Custom Trigger Conditions + Retry + Failover

mw, err := summarization.New(ctx, &summarization.Config{
    Model: yourChatModel,
    Trigger: &summarization.TriggerCondition{
        ContextTokens:   100000,
        ContextMessages: 80,
    },
    TranscriptFilePath: "/path/to/transcript.txt",
    Retry: &summarization.RetryConfig{
        MaxRetries: ptrOf(2),
    },
    Failover: &summarization.FailoverConfig{
        MaxRetries: ptrOf(3),
        GetFailoverModel: func(ctx context.Context, fctx *summarization.FailoverContext) (model.BaseModel[*schema.Message], []*schema.Message, error) {
            return backupModel, nil, nil // Returning nil input reuses the default input
        },
    },
})

FinalizerBuilder + PreserveSkills + DefaultFinalizer

defaultFinalize, _ := summarization.DefaultFinalizer[*schema.Message](
    &summarization.DefaultFinalizerConfig[*schema.Message]{
        TranscriptFilePath: "/path/to/transcript.txt",
    },
)

finalizer, err := summarization.NewFinalizer().
    PreserveSkills(&summarization.PreserveSkillsConfig{
        MaxSkills: ptrOf(3),
    }).
    Custom(func(ctx context.Context, origMsgs []*schema.Message, summary *schema.Message) ([]*schema.Message, error) {
        msgs, err := defaultFinalize(ctx, origMsgs, summary)
        if err != nil {
            return nil, err
        }
        return append([]*schema.Message{schema.SystemMessage("system prompt")}, msgs...), nil
    }).
    Build()

cfg := &summarization.Config{
    Model:    yourModel,
    Finalize: finalizer,
}

Notes

  1. Set TranscriptFilePath: It is strongly recommended to provide a conversation transcript file path so the model can refer back to details from the original transcript after summarization.
  2. Adjust trigger thresholds: Trigger.ContextTokens should be set to 80-90% of the model’s context window.
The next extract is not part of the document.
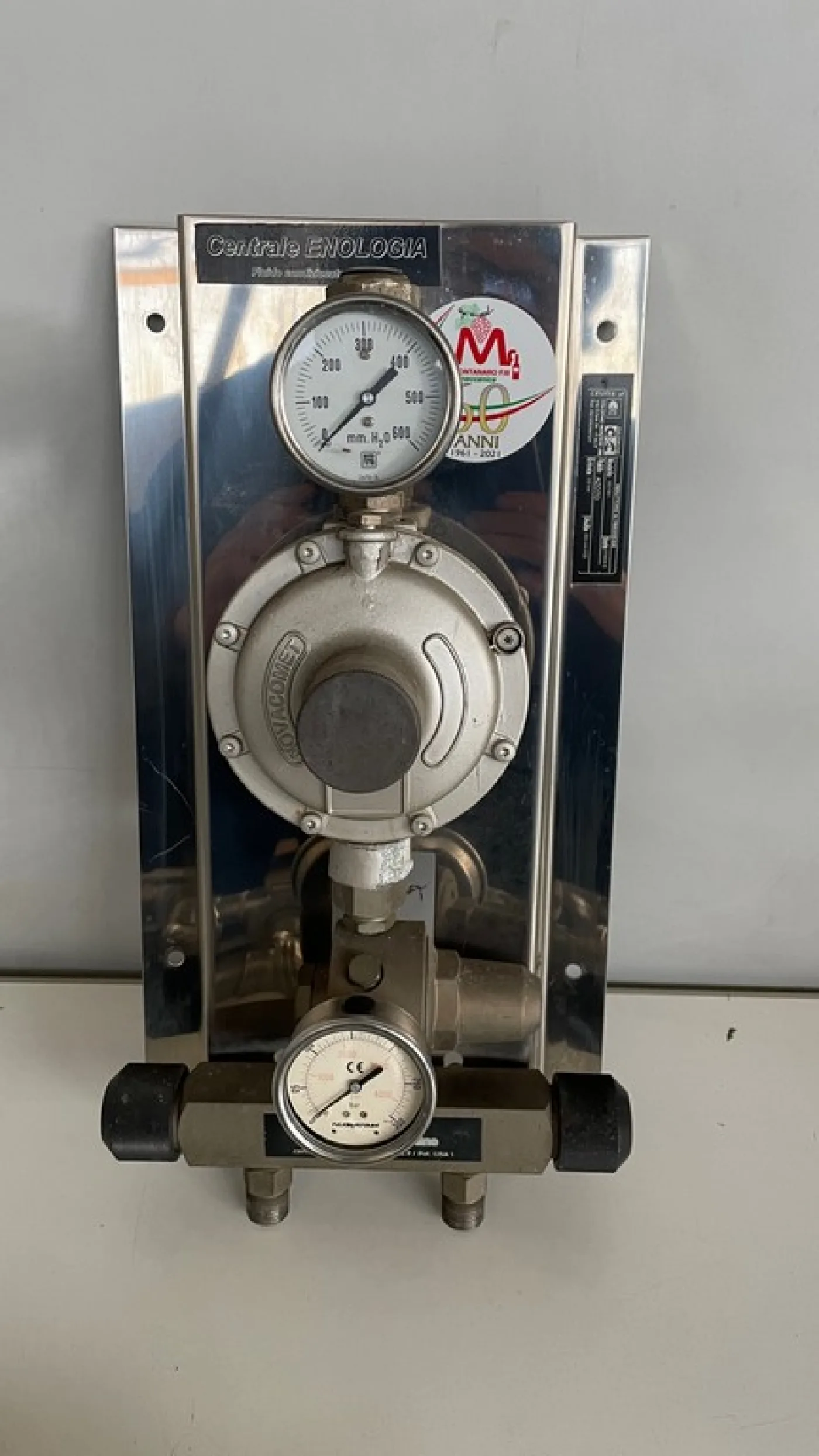 DOUBLE STAGE NITROGEN GAS DISTRIBUTION UNIT COMPLETE WITH MANIFOLD FOR CONNECTION TO THE TANKS, SECOND-HAND EQUIPMENT - 1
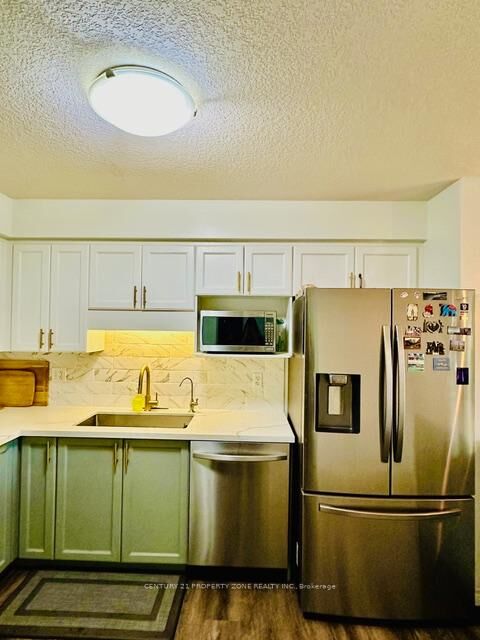Property Photo:  1369 Countrystone Drive  ON N2N 3R8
The default value of 160,000 is suitable for models with a 200k window.
  3. Custom TokenCounter: For production environments, it is recommended to implement a counter that precisely matches the model’s tokenizer. The default estimator uses ResponseMeta.Usage.TotalTokens from the most recent assistant message as a baseline and estimates incremental messages at ~4 chars/token.
  4. Finalize override: Once Finalize is set, PreserveUserMessages and TranscriptFilePath no longer take effect automatically. To reuse them, use DefaultFinalizer or FinalizerBuilder.
  5. GetFailoverModel constraints: The callback must return a non-nil model and a non-empty input message list.